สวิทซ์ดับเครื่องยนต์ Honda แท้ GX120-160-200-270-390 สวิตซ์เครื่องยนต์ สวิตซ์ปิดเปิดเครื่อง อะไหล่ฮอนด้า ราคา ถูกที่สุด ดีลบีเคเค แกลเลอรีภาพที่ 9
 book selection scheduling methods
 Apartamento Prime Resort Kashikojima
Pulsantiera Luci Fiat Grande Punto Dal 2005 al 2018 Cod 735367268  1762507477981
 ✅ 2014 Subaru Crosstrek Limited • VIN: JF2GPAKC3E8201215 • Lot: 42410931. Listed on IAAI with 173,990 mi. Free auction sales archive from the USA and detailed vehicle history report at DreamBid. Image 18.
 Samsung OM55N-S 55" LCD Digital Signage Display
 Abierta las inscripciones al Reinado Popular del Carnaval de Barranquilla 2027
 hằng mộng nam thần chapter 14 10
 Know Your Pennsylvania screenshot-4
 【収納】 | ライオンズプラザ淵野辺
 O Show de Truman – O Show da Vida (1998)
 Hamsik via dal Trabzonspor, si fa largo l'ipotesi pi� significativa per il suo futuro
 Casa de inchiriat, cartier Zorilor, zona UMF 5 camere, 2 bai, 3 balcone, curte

Task objective
Look above for the line containing "Hamsik via dal", then please write out that line and each one after it through the end, exactly, with nothing else.

Written solution
 Hamsik via dal Trabzonspor, si fa largo l'ipotesi pi� significativa per il suo futuro
 Casa de inchiriat, cartier Zorilor, zona UMF 5 camere, 2 bai, 3 balcone, curte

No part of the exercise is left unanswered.